There was another friend in town I did not so much ride with, but he too lived a life upon a bike. Bruce was the son of the local sign painter, Milo, whose motto was, "we made signs before we could talk." And while Mr Milo was about his signing, Bruce and I were playing tennis mostly in those later years in Williston.
I was about to start driving the blue fastback Volkswagen and moving beyond the cycling years.
The brown three-speed was relegated to storage.

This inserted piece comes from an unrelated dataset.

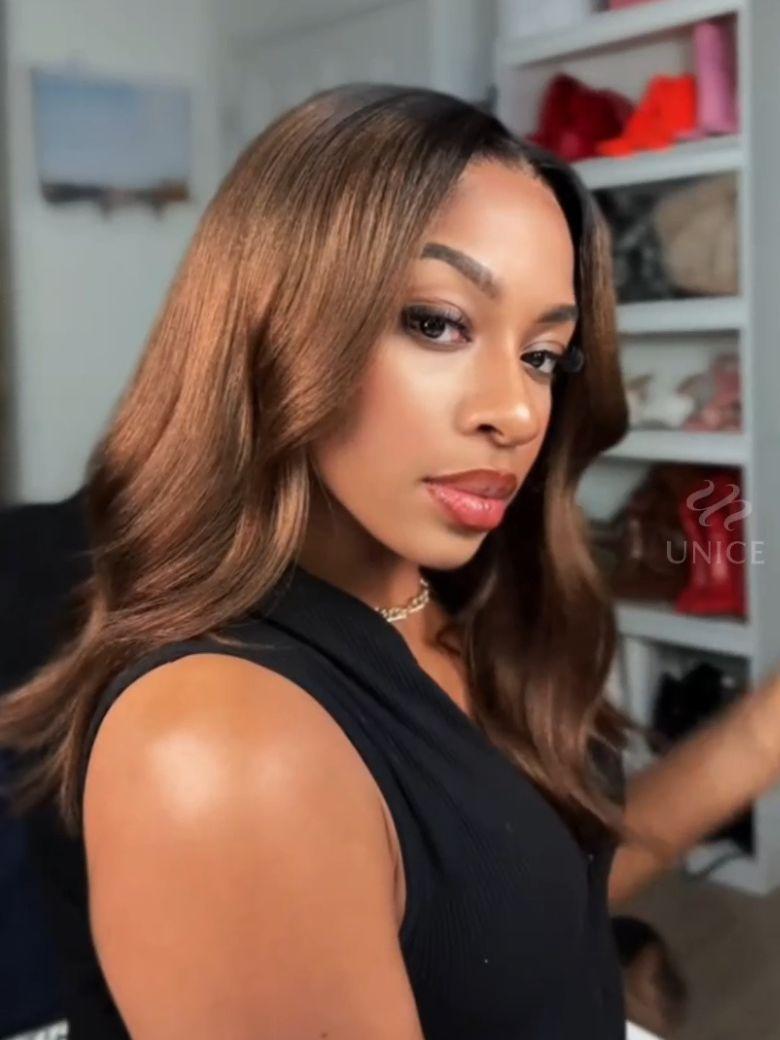 Unice Bye-Bye Knots 7x5 Lace Black to Chestnut Brown Ombre Yaki Bob Wig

Moving to Lake City after college, several years into the running road races, my friends Buddy,Steve,Mike and Forest began training for the new sport of triathlon. It was then I took the blue 10 speed Schwinn out that was my sisters, who never rode, with the baby killer shifters on the stem, and began attempting to ride along on their training rides. It was soon evident girl Schwinn's would not cut it. I gave up the riding and returned to running.
It was soon after Bob acquired a Schwinn chrome-moly steel racing bike with the shifters on the down tube. It was a thing of gaudy beauty with its lilac girlish colors. What were you thinking Bob? Well, we had a common friend, Roger, who also had one of these fancy racers, a red Vitus. It was then that they accompanied me to Gator Cycle in Gainesville where I purchased a yellow Cannondale. I could now call myself a cyclist again. With this new found Thoreau-like freedom, we rode far. We rode to Live Oak to the Boys Ranch to swim in the Suwannee. We rode to Monicac, Georgia just to see the pretty lady. And so we rode and we rode. The Cannondale was sold to a lady friend and I purchased a Basso from a college student leaving UF. It was a beauty, with the Campy gruppo. It was a sad day when it was stolen, along with the Schwinn bike Roger had given Melanie, my wife for a wedding present.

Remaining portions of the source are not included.